— REQUIRED WORK —
Below are some records. Return exactly their lines from the one containing "imageNIMO 156quot IPS" through the one containing "Using Camstudio Open Source", and drop the pictures.

— DATA PROVIDED —
---

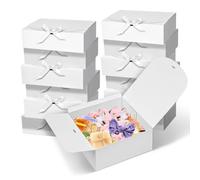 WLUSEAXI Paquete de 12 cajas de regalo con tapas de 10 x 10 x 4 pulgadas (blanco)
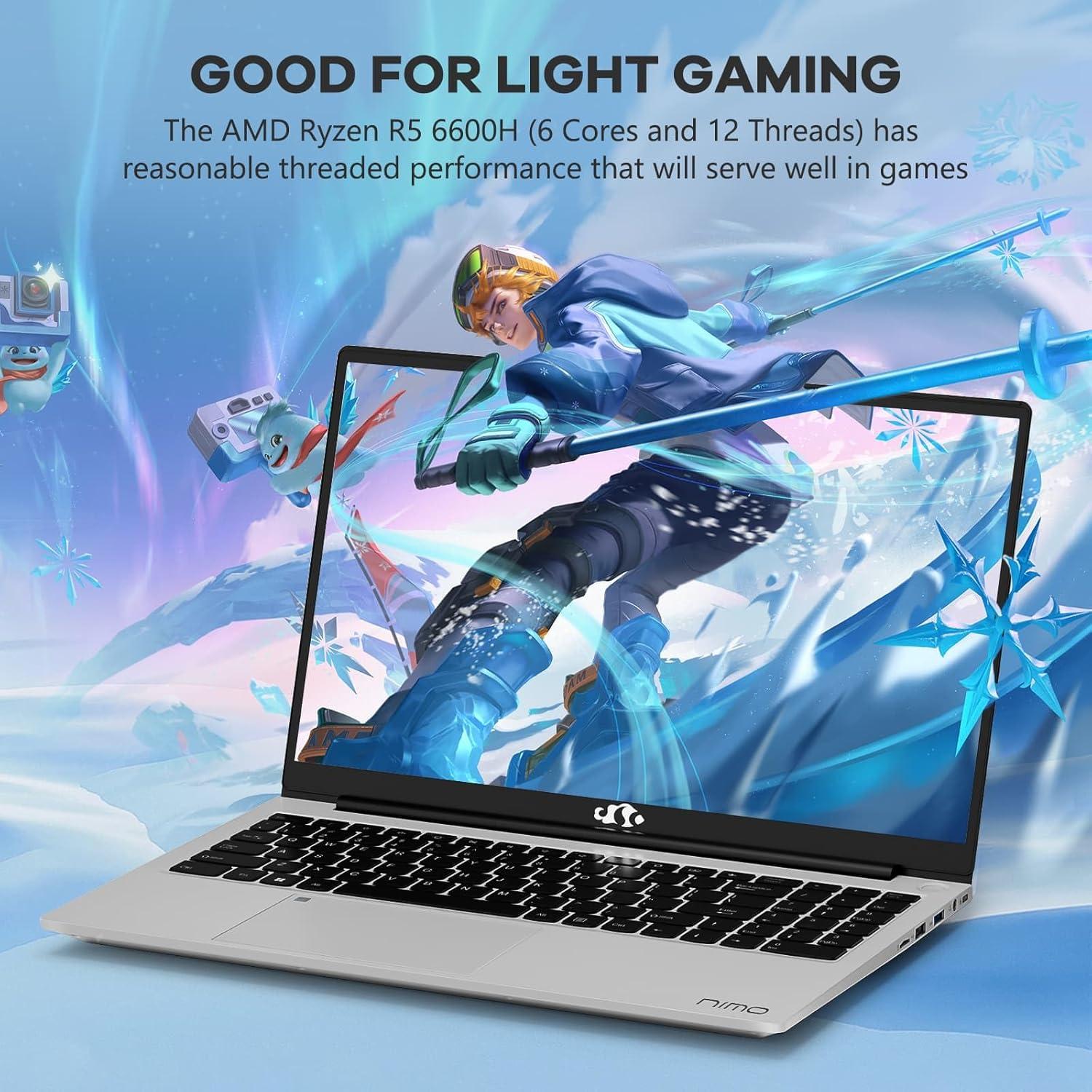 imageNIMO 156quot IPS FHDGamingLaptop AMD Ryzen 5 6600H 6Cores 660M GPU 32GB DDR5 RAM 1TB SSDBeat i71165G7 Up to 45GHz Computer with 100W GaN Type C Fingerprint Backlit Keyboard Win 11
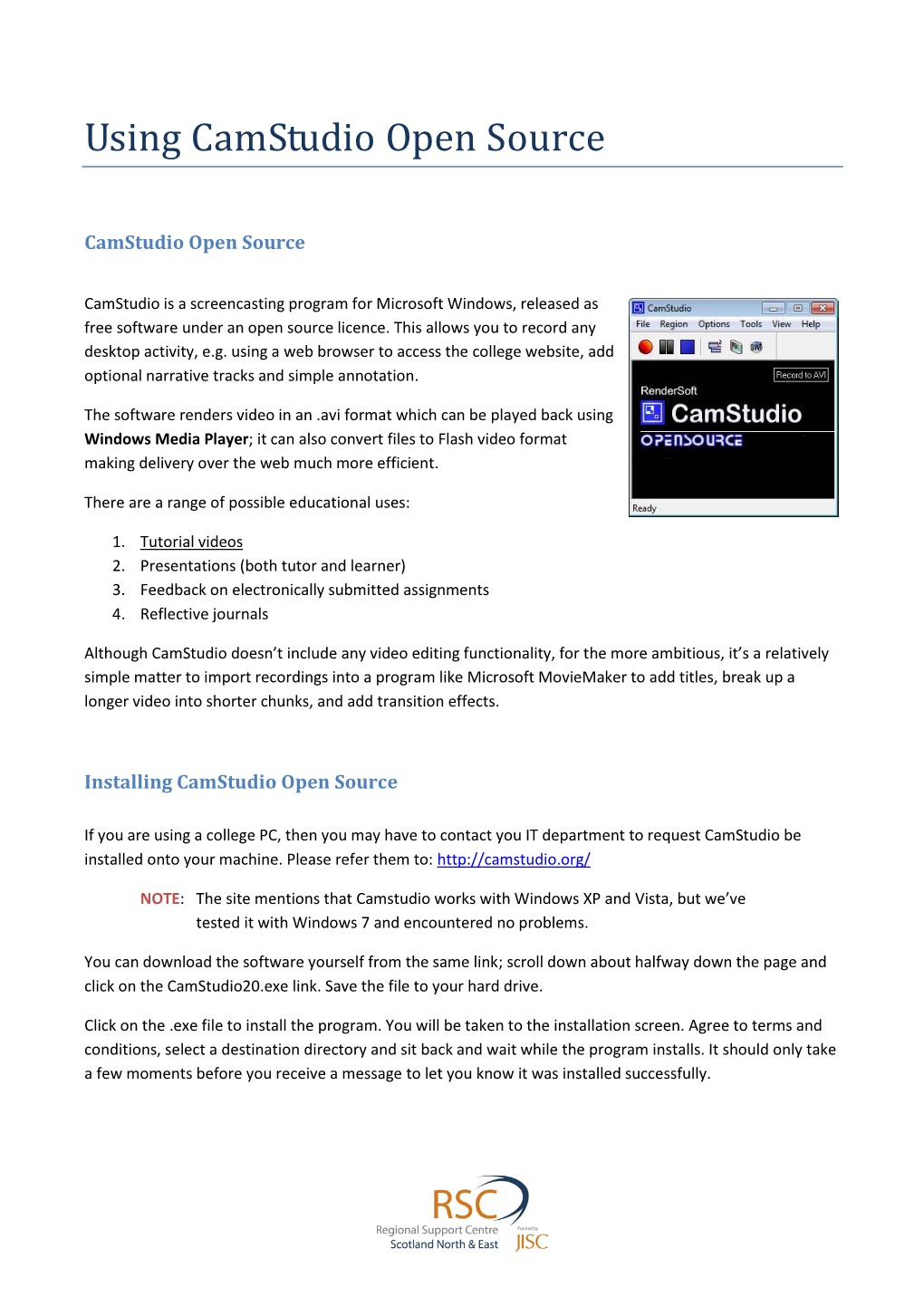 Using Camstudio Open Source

---

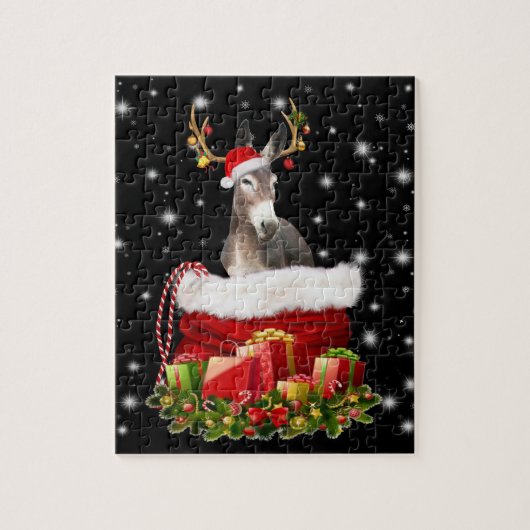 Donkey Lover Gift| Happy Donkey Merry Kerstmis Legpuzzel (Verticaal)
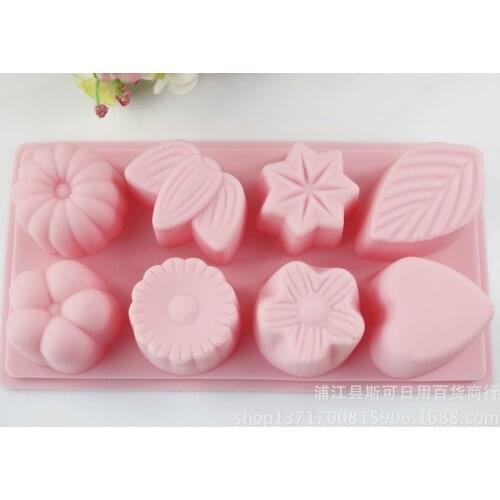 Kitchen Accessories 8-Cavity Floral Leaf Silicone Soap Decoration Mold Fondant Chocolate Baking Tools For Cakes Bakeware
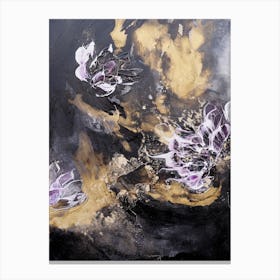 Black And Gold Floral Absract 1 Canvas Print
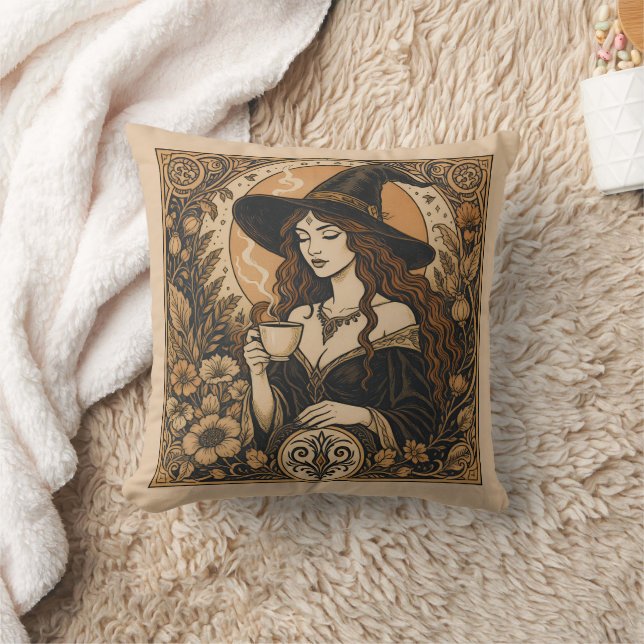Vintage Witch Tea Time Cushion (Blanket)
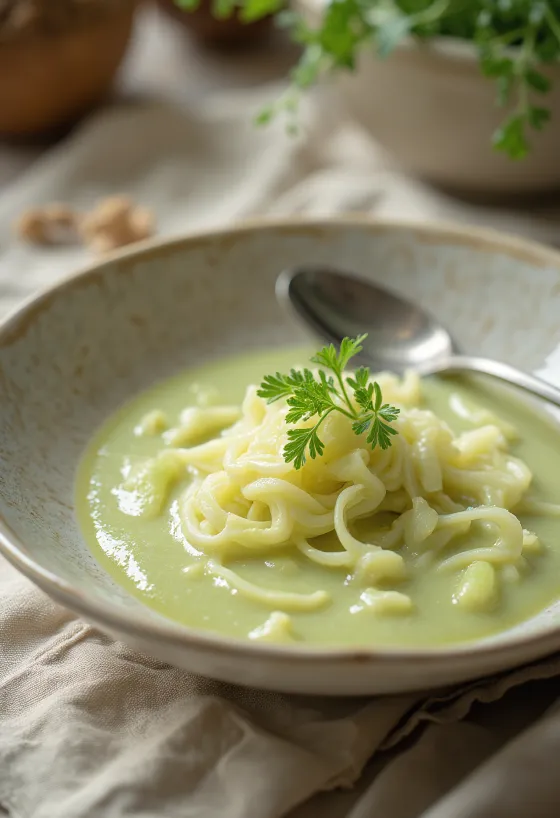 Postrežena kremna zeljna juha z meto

---

— RESPONSE FOR THIS EXERCISE —
 imageNIMO 156quot IPS FHDGamingLaptop AMD Ryzen 5 6600H 6Cores 660M GPU 32GB DDR5 RAM 1TB SSDBeat i71165G7 Up to 45GHz Computer with 100W GaN Type C Fingerprint Backlit Keyboard Win 11
 Using Camstudio Open Source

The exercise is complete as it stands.